**Directions:**
In the records below, find the line that contains "Foto del edificio - 312 Sumner St", then transcribe it and every later line exactly, stopping at the final line.

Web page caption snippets
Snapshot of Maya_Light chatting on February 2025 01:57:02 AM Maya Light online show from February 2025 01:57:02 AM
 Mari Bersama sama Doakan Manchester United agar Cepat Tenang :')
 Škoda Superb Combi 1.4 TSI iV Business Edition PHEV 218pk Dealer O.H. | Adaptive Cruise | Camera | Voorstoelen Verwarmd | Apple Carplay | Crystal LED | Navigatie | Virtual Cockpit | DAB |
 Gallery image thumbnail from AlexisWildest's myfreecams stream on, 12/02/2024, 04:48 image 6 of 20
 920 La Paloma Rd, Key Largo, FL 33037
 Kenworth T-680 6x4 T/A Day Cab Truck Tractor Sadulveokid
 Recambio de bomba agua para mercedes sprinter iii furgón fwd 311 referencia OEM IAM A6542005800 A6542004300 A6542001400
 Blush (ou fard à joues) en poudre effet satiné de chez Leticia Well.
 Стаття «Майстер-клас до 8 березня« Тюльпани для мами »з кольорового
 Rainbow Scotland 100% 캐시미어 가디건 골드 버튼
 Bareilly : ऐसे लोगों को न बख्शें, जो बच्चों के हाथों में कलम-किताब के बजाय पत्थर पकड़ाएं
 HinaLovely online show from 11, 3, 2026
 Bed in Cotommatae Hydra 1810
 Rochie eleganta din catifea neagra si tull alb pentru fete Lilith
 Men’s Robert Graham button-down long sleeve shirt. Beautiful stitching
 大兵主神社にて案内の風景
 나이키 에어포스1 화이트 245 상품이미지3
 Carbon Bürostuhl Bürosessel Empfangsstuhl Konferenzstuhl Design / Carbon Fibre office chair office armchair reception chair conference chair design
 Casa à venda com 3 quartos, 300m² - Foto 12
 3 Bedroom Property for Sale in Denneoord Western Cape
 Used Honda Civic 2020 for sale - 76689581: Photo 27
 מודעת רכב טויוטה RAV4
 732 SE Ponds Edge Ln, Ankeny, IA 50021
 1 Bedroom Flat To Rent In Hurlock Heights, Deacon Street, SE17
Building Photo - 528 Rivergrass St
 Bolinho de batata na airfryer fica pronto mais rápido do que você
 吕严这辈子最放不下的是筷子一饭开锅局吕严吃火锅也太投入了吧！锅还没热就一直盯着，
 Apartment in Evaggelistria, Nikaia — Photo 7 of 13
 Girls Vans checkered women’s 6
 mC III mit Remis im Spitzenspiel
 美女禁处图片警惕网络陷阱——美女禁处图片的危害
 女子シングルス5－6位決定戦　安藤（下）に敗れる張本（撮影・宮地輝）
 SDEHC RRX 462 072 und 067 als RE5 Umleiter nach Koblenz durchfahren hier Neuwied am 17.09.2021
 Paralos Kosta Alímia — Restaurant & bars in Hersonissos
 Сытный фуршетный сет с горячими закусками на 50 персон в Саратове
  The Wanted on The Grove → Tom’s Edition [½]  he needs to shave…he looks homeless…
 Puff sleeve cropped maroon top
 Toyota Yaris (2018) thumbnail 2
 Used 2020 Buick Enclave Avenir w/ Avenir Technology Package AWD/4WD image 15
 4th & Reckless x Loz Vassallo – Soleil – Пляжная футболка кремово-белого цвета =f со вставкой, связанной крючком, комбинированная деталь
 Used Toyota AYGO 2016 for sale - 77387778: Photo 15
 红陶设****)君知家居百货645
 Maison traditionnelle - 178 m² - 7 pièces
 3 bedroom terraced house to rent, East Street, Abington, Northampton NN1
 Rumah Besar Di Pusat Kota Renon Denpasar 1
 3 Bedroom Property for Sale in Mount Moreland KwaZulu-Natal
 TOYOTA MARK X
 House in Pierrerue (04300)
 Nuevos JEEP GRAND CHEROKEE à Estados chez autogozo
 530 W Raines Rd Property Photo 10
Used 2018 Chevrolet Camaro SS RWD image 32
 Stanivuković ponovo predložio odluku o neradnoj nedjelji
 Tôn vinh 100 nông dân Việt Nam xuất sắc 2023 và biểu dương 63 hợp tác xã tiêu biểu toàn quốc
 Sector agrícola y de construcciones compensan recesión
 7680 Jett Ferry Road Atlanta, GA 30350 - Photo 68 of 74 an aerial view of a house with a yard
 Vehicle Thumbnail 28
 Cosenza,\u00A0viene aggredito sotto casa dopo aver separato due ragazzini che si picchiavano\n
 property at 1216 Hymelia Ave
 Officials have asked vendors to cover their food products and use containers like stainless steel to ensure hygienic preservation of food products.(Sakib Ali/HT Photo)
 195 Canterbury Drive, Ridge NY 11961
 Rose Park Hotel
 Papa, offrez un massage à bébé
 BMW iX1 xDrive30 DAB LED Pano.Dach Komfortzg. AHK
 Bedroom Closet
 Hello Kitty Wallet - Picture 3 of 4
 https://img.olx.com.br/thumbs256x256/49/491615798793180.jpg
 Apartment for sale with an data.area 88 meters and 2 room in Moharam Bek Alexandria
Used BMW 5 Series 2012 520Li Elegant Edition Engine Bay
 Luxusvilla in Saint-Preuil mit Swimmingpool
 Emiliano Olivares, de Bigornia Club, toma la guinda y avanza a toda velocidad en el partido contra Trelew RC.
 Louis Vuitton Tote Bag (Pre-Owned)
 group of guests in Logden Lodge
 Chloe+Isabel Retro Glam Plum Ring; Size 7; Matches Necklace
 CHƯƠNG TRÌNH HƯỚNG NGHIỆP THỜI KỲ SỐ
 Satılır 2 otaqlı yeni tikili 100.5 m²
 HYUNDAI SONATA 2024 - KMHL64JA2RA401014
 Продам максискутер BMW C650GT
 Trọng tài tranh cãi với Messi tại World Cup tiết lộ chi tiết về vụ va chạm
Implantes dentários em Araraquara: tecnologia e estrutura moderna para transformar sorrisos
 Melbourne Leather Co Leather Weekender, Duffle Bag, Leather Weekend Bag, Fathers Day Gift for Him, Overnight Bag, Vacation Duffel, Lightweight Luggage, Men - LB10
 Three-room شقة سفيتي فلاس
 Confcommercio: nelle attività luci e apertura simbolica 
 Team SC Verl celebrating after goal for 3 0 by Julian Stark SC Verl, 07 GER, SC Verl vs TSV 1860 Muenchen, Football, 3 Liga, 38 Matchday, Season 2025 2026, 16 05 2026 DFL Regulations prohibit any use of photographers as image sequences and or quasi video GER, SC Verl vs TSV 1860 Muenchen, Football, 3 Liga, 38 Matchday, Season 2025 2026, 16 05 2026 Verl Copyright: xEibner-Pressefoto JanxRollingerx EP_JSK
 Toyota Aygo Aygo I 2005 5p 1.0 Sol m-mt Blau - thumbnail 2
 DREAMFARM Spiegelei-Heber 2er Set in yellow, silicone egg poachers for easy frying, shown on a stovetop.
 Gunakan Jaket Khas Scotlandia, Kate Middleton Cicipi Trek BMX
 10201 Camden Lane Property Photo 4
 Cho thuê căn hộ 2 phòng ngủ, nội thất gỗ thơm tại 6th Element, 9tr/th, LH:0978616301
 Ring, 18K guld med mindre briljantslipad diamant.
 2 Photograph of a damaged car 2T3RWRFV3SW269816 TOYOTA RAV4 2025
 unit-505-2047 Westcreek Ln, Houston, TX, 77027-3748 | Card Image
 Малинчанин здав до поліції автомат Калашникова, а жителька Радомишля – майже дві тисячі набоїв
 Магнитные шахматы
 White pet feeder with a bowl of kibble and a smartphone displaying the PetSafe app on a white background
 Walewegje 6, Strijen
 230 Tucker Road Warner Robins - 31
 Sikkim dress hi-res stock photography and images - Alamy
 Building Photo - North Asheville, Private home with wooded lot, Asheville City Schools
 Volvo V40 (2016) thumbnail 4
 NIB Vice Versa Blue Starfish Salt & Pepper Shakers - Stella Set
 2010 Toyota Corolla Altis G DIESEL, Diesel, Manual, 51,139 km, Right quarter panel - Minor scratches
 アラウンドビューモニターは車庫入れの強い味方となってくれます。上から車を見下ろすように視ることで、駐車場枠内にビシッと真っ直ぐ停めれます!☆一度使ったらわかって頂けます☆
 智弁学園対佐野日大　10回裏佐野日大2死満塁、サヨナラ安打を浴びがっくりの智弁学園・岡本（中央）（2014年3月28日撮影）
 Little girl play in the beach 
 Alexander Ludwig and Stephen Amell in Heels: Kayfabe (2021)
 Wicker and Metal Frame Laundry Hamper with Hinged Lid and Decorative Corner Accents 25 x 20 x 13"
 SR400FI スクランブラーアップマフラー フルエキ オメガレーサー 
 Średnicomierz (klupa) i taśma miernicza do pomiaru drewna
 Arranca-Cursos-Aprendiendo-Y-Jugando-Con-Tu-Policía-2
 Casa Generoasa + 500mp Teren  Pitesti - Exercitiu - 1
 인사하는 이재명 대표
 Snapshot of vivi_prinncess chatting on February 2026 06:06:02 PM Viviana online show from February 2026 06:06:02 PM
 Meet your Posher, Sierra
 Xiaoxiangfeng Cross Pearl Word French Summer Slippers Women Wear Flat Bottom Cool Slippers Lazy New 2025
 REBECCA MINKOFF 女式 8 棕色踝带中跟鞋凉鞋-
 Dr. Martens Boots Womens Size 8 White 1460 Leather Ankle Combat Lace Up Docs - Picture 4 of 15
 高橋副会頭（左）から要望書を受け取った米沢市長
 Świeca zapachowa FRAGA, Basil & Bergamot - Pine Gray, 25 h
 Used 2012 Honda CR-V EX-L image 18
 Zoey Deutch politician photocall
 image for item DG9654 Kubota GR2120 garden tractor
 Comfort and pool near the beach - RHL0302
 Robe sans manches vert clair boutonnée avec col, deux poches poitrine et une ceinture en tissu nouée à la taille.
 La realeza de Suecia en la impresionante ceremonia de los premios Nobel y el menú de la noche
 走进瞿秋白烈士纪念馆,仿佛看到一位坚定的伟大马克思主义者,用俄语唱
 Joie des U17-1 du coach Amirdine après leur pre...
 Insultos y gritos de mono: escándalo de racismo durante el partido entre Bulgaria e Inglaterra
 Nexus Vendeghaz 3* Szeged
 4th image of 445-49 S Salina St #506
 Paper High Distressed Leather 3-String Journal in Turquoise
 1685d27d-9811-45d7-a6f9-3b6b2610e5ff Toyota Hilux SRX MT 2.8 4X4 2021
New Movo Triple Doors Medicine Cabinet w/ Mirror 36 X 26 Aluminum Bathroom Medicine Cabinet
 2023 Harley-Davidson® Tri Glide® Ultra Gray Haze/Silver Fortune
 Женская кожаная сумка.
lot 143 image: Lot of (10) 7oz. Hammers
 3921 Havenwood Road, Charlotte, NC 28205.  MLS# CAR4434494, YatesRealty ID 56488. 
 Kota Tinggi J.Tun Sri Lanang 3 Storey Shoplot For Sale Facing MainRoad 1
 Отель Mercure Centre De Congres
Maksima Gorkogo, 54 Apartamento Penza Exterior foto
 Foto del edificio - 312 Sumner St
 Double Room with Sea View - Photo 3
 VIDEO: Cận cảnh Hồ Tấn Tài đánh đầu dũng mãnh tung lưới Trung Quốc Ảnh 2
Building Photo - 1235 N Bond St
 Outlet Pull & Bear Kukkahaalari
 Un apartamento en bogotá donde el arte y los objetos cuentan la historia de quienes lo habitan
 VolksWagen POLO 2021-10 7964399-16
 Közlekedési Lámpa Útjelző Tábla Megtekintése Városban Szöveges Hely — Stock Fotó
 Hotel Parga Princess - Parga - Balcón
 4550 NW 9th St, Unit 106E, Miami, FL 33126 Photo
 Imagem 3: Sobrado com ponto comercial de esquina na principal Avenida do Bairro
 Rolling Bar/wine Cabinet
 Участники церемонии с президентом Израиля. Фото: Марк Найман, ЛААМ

**Answer box:**
 Foto del edificio - 312 Sumner St
 Double Room with Sea View - Photo 3
 VIDEO: Cận cảnh Hồ Tấn Tài đánh đầu dũng mãnh tung lưới Trung Quốc Ảnh 2
Building Photo - 1235 N Bond St
 Outlet Pull & Bear Kukkahaalari
 Un apartamento en bogotá donde el arte y los objetos cuentan la historia de quienes lo habitan
 VolksWagen POLO 2021-10 7964399-16
 Közlekedési Lámpa Útjelző Tábla Megtekintése Városban Szöveges Hely — Stock Fotó
 Hotel Parga Princess - Parga - Balcón
 4550 NW 9th St, Unit 106E, Miami, FL 33126 Photo
 Imagem 3: Sobrado com ponto comercial de esquina na principal Avenida do Bairro
 Rolling Bar/wine Cabinet
 Участники церемонии с президентом Израиля. Фото: Марк Найман, ЛААМ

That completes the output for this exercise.